A cash conscious culture is vital for working capital management in the current climate, explains Chloe Salter.
Effective working capital management has always been a business fundamental. Now, more important than ever. As a result, many businesses are now managing receipts and payments more tightly and reviewing cashflow more regularly. In the short term, smarter working capital management like this will boost liquidity, could reduce the requirement for short-term funding and will help insulate the business against ongoing uncertainty. Long term, it will be key to restoring performance and maximising funds to capture future opportunities.
However, it’s not certain that good practices will last beyond the immediate crisis. Initiatives to improve working capital management often fade without any lasting impact. Teams slip back into bad habits and efforts to embed a cash conscious culture fail. As a result, CFOs must return to the issue again and again, when they would no doubt prefer to be focusing on other initiatives.

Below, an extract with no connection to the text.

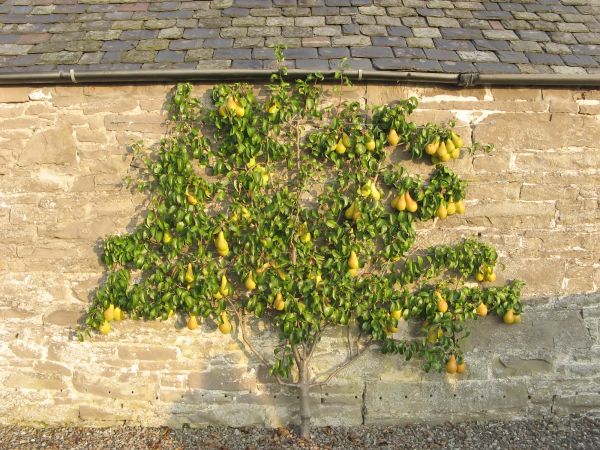 Apple Tree Removal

So, what can be done to make sure current improvements to working capital management last? The key lies in embedding the right behaviours across the whole business, not just in Finance. In other words, creating a “cash conscious culture”. Here are five priorities for making a cash conscious culture stick:
1 Set the right working capital management tone from the top
Embedding a cash conscious culture must be an organisation-wide endeavour, not just a concern for the finance team. That means the ambition to change working capital management attitudes needs to be driven and supported from across the top tier. Engage the whole senior management team in the mission to manage with a greater focus on cash and make that senior-level support very visible.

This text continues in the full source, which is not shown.